USA Today reports that while campaigning in Iowa on Tuesday President Obama announced that the government will purchase “…up to $100 million of pork, $50 million of chicken, and $10 million of both lamb and catfish products for federal food nutrition assistance programs, including food banks.”
This is a relatively normal occurrence; the USDA has for some time bought these commodities to supply numerous federal assistance programs. The highlight of this purchase could simply be a political strategy for Obama to ‘buy’ votes from the farmers/ranchers affected by the drought and the recipients of the assistance programs. However, given the price and amount of meat that the government is purchasing it is becoming clear that the manipulation of the market is the overall goal.
The price of these commodities is going down due to ranchers putting more products on the market in order to defray increasing feeding costs. If these products went to the market then consumers would pay the lower prices. To keep the price of the commodities elevated, the government is depleting the supply of the product and paying a higher price (closer to the cost before the drought occurred). This will cause the price of the commodities to remain static or rise due to the decreased supply. This is a clear attempt to artificially inflate the market.

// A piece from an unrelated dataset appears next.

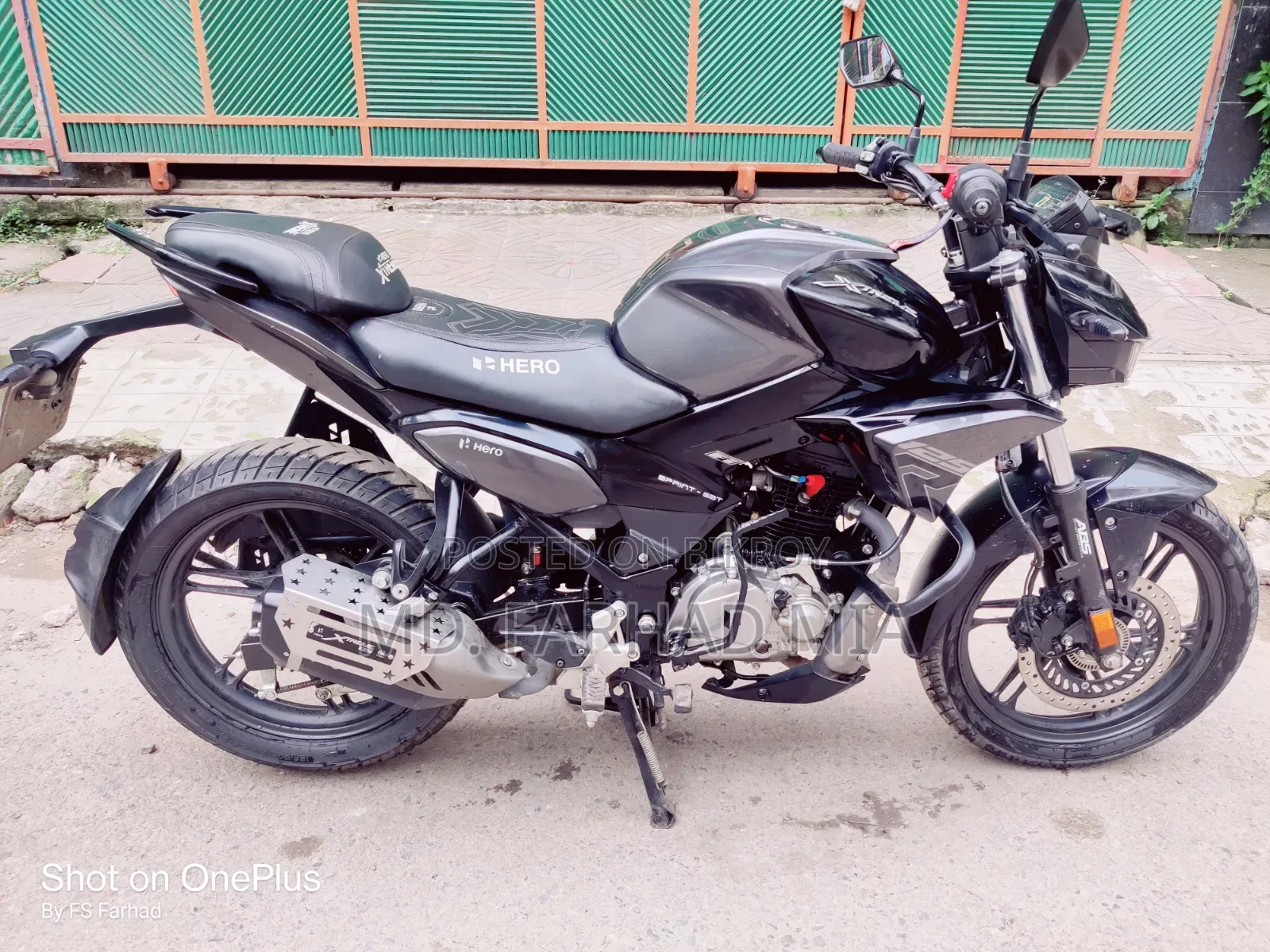 হিরো এক্সট্রিম ১২৫আর ২০২৫ ব্ল্যাক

This may benefit farmers and ranchers today but the long-term impact will be negative. As Chris Edwards describes: “the extensive federal welfare system for farm businesses is costly to taxpayers and it creates distortions in the economy. Subsidies induce farmers to overproduce, which pushes down prices and creates political demands for further subsidies. Subsidies inflate land prices in rural America. And the flow of subsidies from Washington hinders farmers from innovating, cutting costs, diversifying their land use, and taking the actions needed to prosper in a competitive global economy.” Government should not ‘bail out’ every industry that falls on hard times, forcing their dependence on subsidies to survive. Farmers and ranchers like all business should face the exigencies of the market.